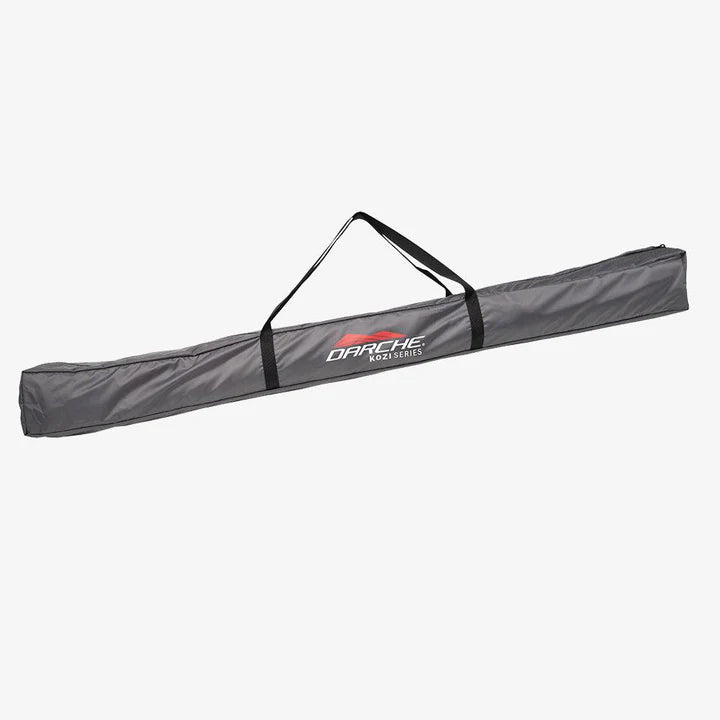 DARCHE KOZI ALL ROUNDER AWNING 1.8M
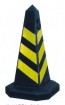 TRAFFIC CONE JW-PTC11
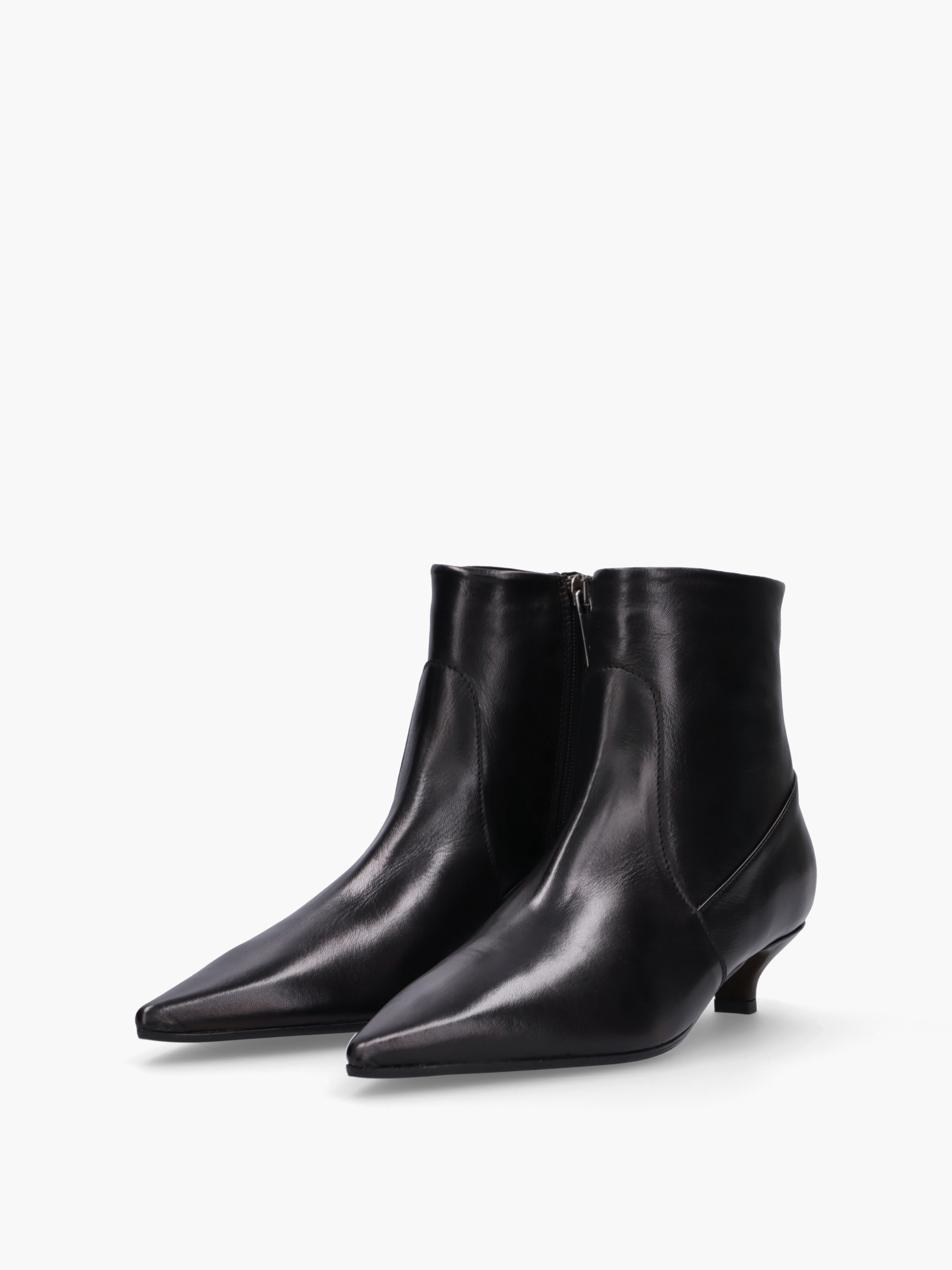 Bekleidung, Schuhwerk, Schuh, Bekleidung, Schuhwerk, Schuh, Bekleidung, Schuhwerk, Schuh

- **The problem**
Your copy should hold only the lines from the line with "TRAFFIC CONE JW-PTC11" through the end of the data above, both ends included, transcribed exactly and without pictures.

- **Output for this exercise**
 TRAFFIC CONE JW-PTC11
 Bekleidung, Schuhwerk, Schuh, Bekleidung, Schuhwerk, Schuh, Bekleidung, Schuhwerk, Schuh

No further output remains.